As a front line service, used by the majority of households on a regular basis, waste and recycling collections are a structured, tangible, display of our hard-earned council tax contributions in action. Along with local roads, refuse collections are one of the most visible displays of local authority spending and since every householder is entitled to have their refuse collected, there is a tendency to ignore the wider spectrum of services that all local authorities are required to provide.
This leads many to directly, and perhaps only, associate their council tax spend with their own refuse collection service and thus, any perceived reduction to that service, will inevitably lead some to feel that they are no longer getting value for money (if they thought they ever did get value for money in the first place?!).
This is not helped by certain national media outlets, and the former DCLG minister Eric Pickles, who have, in the past, championed the “basic human right” of a weekly refuse collection – suggesting that any shift to a less frequent service is simply an attempt to pull the wool over the tax-payers’ eyes.
However, the reality of reviewing refuse collection systems is far more positive and we are already seeing encouraging results from those who have been brave enough to make the change. For example, recent news reports show that Swansea Council has seen its residual waste reduce by a quarter in the 12 months since their ‘three black bags’ policy was introduced, alongside an increase in recycling rates. While Falkirk Council, who pioneered the three week residual collection system, has seen as much as a 75 per cent increase in food waste capture rates, alongside increases in recycling capture rates for other materials.
This isn’t just a good news story, these authorities are achieving significant disposal cost savings. For example Bury Council, the first authority to move to three weekly collections in England, is predicting an annual saving of £860,000 and Falkirk Council is expecting to hit the saving forecast of £385,000.
The notion that less frequent refuse collections are short-changing tax-payers is incorrect and, actually, the reverse is true – many households have more disposal capacity than they ever did. With recycling services expanding across the country, and a growing number of authorities collecting all the key dry recyclables specified under the recent TEEP legislation (paper, glass, metals and plastics) along with organic collections, this has led to an increase in the capacity households have for their waste.

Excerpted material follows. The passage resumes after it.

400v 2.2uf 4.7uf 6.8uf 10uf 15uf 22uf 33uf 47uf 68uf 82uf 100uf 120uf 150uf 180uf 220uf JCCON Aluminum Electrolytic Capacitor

For example, an authority that, in days gone by, simply collected a 240 litre bin of refuse every week, but has subsequently introduced alternate weekly collections along with a 240 litre bin of recyclables and another of garden waste, as well as providing a 23 litre bin for food waste collected every week, now provides 383 litres of capacity every week – a 37 per cent increase.

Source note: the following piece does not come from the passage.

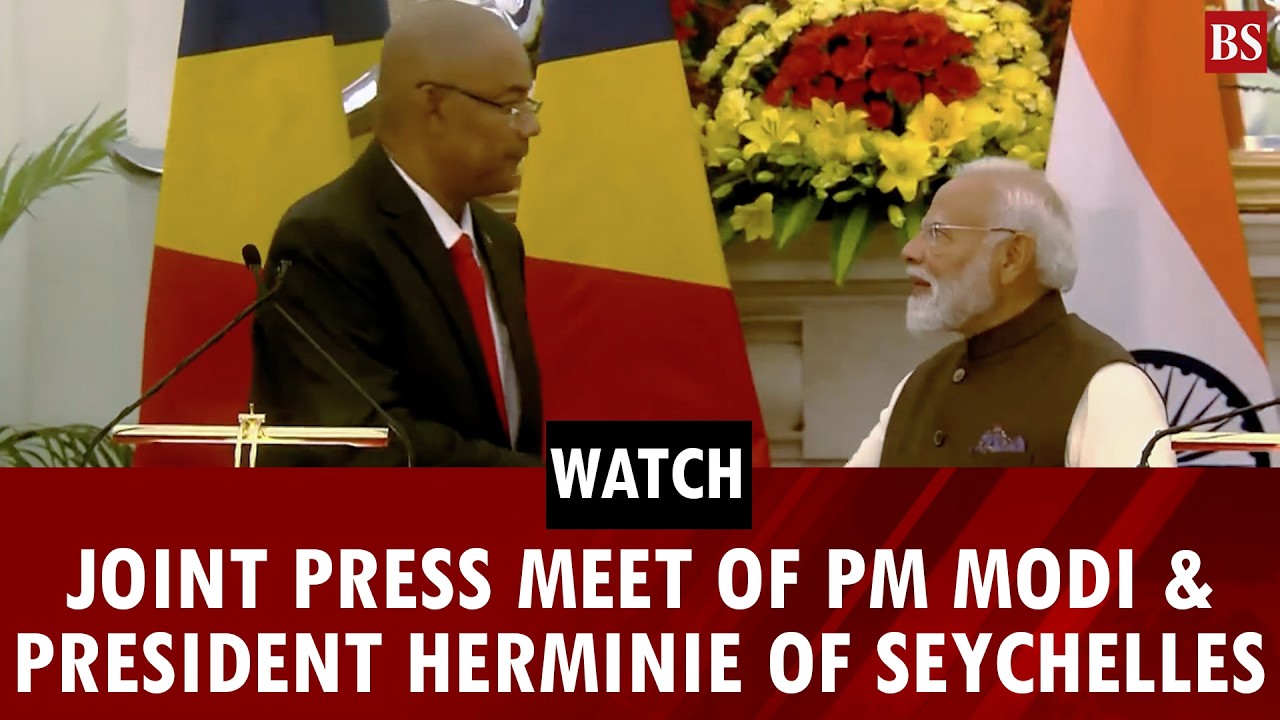Watch: Joint press meet of PM Modi & President Herminie of Seychelles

Communication and education remain an important tool to improve householders’ participation and trust in these services, but unfortunately, we cannot escape the fact that many households have the surplus capacity to make a choice as to where they put recyclable materials and many are not making the most sustainable one. In my role, I see numerous waste audits from around the country and more than half of those I am privy to show significant percentages of recyclable materials in residual waste bins.
However, cutting residual capacity or frequency isn’t a one-size-fits-all approach and clearly, densely populated urban areas where space is at a premium, such as London, would have big challenges in reducing the frequency of their collections.
I also believe that refuse services should not be changed lightly and any reduction in frequency or capacity should be matched by capacity in other materials – like food waste and absorbent hygiene products (i.e. nappies) which are often the major concern of residents, particularly in areas with lots of young families.
Some might argue that cash-strapped councils can’t afford to implement complicated and expensive services, but many local authorities actually realise overall cost-savings by switching to more comprehensive methods of waste collection, as the collection of recyclable material offsets the disposal costs associated with residual waste. As local authorities up and down the country try to find cost savings as part of an austerity programme which looks set to stay for the moment, the silver lining may just be that we end up with infrastructure which encourages more cost efficient, sustainable practices – and household recycling collections replacing refuse as the representative of a value for money front line service.
Our guest blogger, Sarah Ottaway became SUEZ environnement’s Municipal Recycling Manager in early 2015, following over eight years working as part of the Surrey and South Gloucestershire Waste Minimisation Teams. Sarah’s main areas of expertise include public engagement, behaviour change and working with the operational teams to maximise the diversion of waste from disposal.